Q.Prove that the central angle subtended by an arc of a circle is twice any inscribed angle subtended by the same arc.

Given: The central angle \( \angle AOB \) and the inscribed angle \( \angle ACB \) subtended by the arc \( APB \) in a circle centered at \( O \). To Prove: \( \angle AOB = 2\angle ACB \). Construction: Extend \( CO \) to \( D \). Proof: In \( \triangle AOC \), \( AO = OC \) [Radii of the same circle]. ∴ \( \angle OCA = \angle OAC \). Extending side \( CO \) to \( D \), the exterior angle is \[ \angle AOD = \angle OAC + \angle OCA = 2\angle OCA \quad \text{(i)} \quad [\because \angle OAC = \angle OCA] \]

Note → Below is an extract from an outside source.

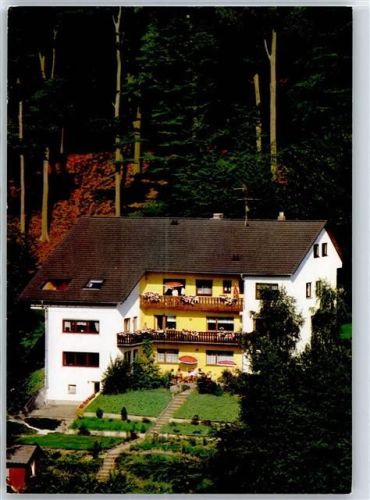 64689 W6149 Hammelbach - Haus Buchenhain AKU1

Similarly, in \( \triangle BOC \), \( OB = OC \) [Radii of the same circle]. So, \( \angle OBC = \angle OCB \). Extending side \( CO \) to \( D \), the exterior angle is \[ \angle BOD = \angle OCB + \angle OBC = 2\angle OCB \quad \text{(ii)} \]
From (i) and (ii), \[ \angle AOD + \angle BOD = 2\angle OCA + 2\angle OCB \] \[ \Rightarrow \angle AOB = 2(\angle OCA + \angle OCB) = 2\angle ACB \] (Proved).